Why does my browser think that https://1.1.1.1 is secure?
English is ambiguous. You were parsing it like this:
(intranet names) or (IP addresses)
i.e. ban the use of numeric IP addresses entirely. The meaning that matches what you're seeing is:
intranet (names or IP addresses)
i.e. ban certificates for the private IP ranges like 10.0.0.0/8, 172.16.0.0/12, and 192.168.0.0/16, as well as for private names that aren't visible on the public DNS.
Certificates for publicly routable IP addresses are still allowed, just not generally recommended for most people, especially those who don't also own a static IP.
This statement is advice, not a claim that you can't secure a (public) IP address.
Instead of securing IP addresses and intranet names, you should reconfigure servers to use Fully Qualified Domain Names (FQDNs), such as www.coolexample.com
Maybe someone at GoDaddy was misinterpreting the wording, but more likely they wanted to keep their advice simple, and wanted to recommend using public DNS names in certificates.

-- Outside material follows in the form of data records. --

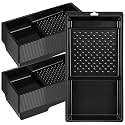Ripeng 4" Disposable Paint Trays Bulk Plastic Roller Tray, Black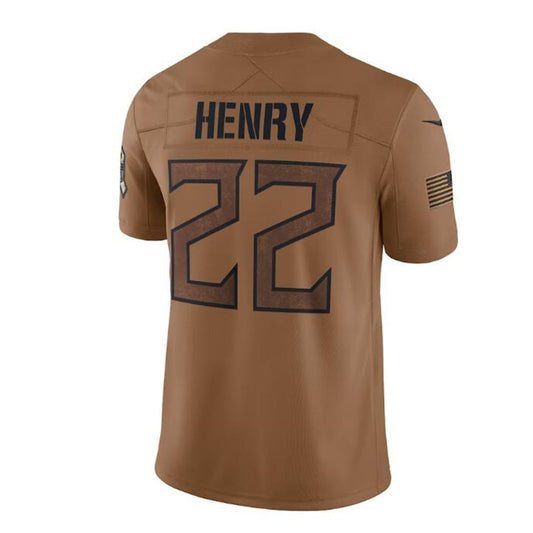 TB.Buccaneers #22 Derrick Henry Brown 2023 Salute To Service Limited JerseyStitched American Football Jerseys - Main View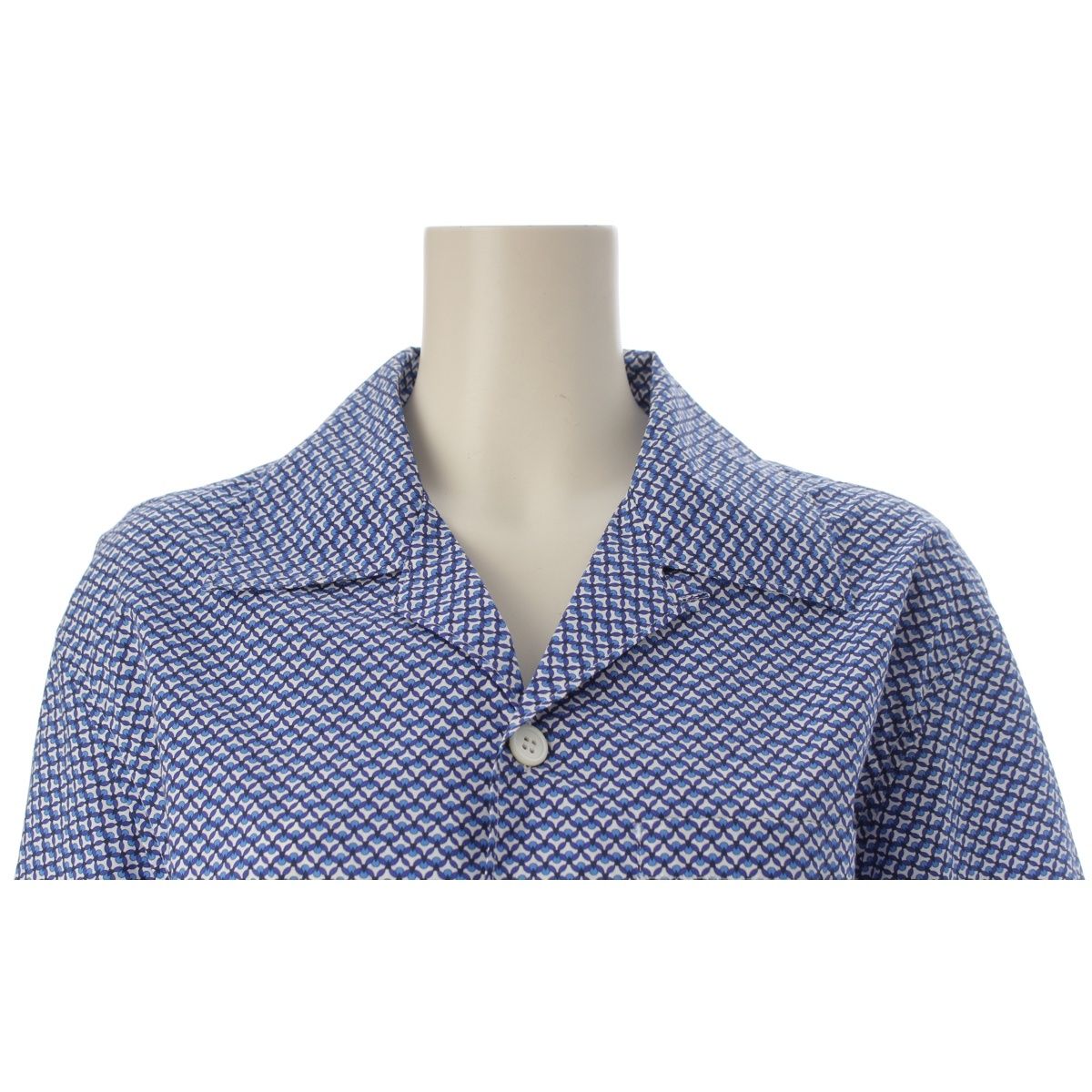 Prada Cotton Short Sleeve Open Collar All Over Pattern Short Shirt Top Blue — view 5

Most people don't use a stable static IP for their service. Providing DNS services is the one case where it's truly necessary to have a stable well-known IP instead of just a name. For anyone else, putting your current IP in your SSL cert would constrain your future options, because you couldn't let someone else start using that IP. They could impersonate your site.
Cloudflare.com has control of the 1.1.1.1 IP address themselves, and isn't planning to do anything different with it in the foreseeable future, so it makes sense for them to put their IP in their cert. Especially as a DNS provider, it's more likely that HTTPS clients would visit their URL by number than for any other site.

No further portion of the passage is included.